BEGIN Given data
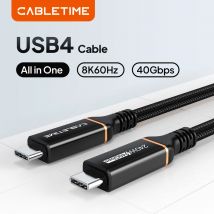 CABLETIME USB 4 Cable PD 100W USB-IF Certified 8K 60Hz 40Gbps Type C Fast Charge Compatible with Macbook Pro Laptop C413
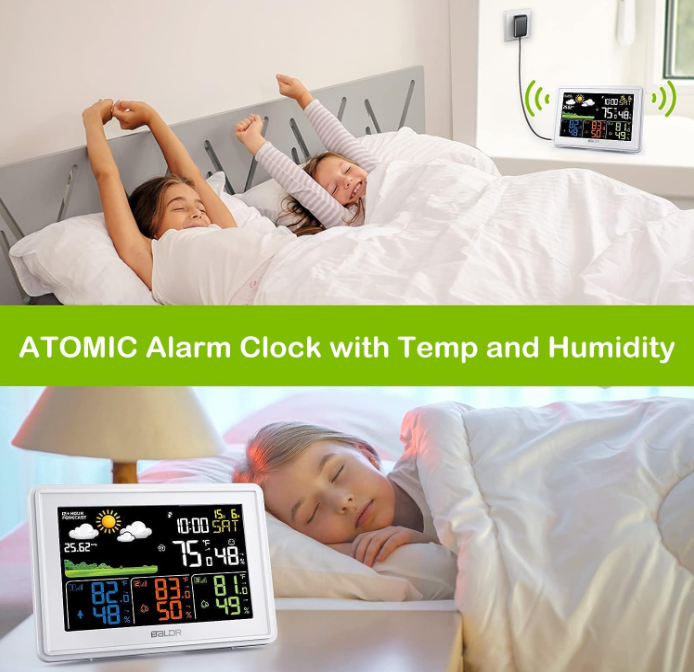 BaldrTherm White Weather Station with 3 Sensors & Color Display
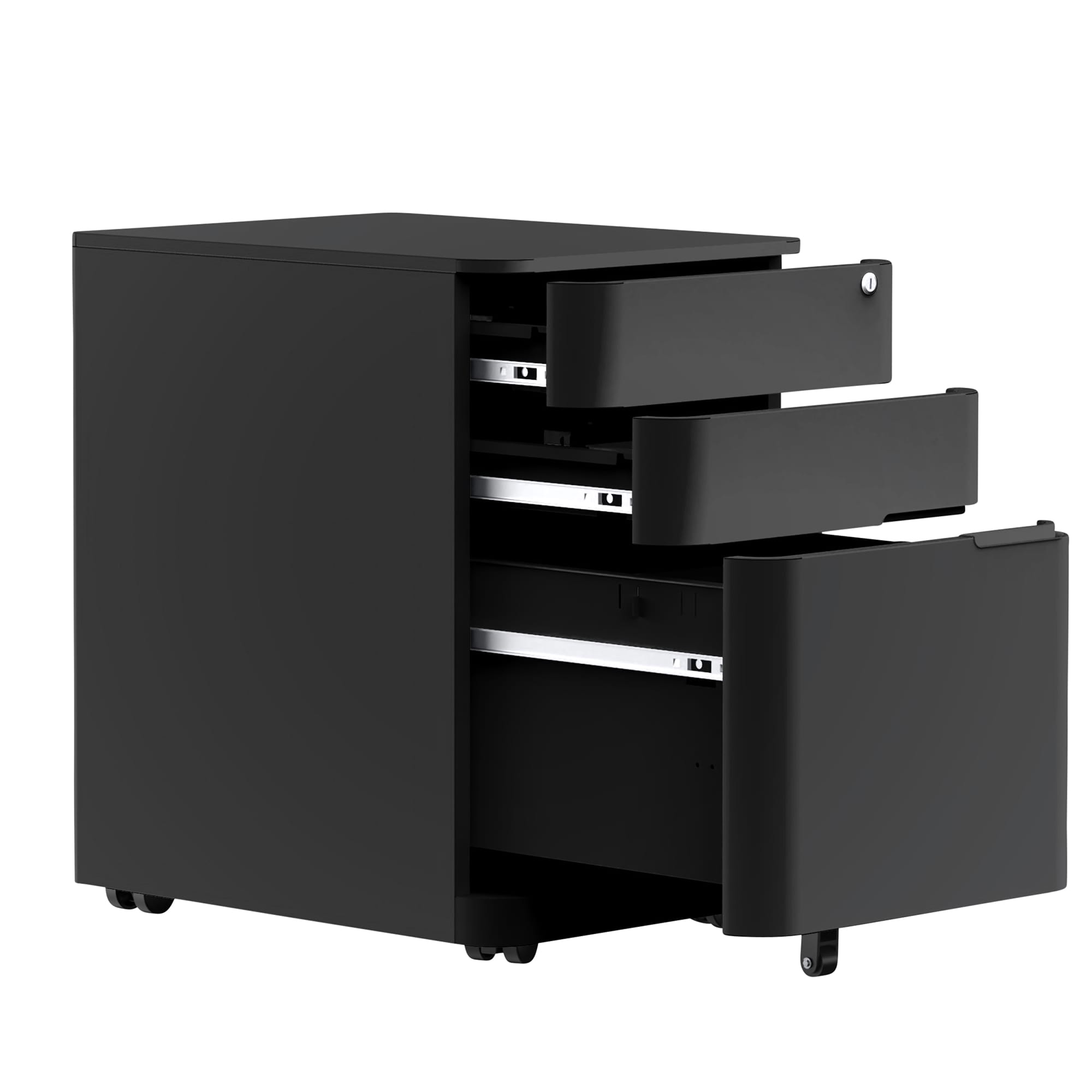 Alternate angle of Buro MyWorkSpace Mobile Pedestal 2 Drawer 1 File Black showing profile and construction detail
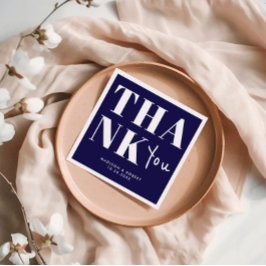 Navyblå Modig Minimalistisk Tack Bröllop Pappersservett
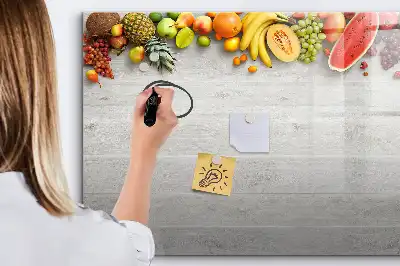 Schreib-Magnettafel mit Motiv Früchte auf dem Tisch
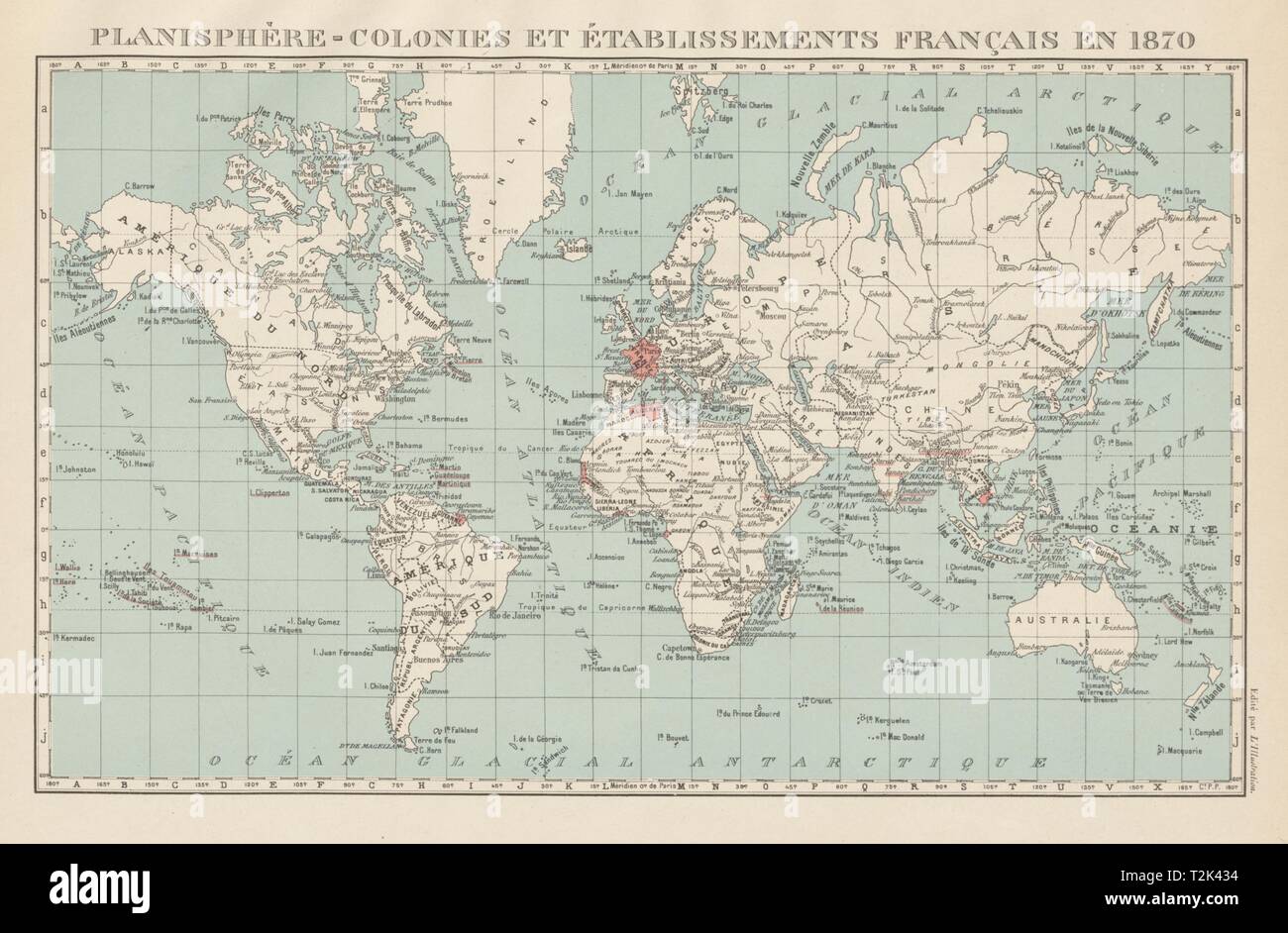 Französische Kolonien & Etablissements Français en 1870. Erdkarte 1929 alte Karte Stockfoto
END Given data
### Exercise details:
Write out word for word the lines above that run from the one with "BaldrTherm White Weather" to the one with "Schreib-Magnettafel mit Motiv". Include both end lines; exclude the images.

### Answer box:
 BaldrTherm White Weather Station with 3 Sensors & Color Display
 Alternate angle of Buro MyWorkSpace Mobile Pedestal 2 Drawer 1 File Black showing profile and construction detail
 Navyblå Modig Minimalistisk Tack Bröllop Pappersservett
 Schreib-Magnettafel mit Motiv Früchte auf dem Tisch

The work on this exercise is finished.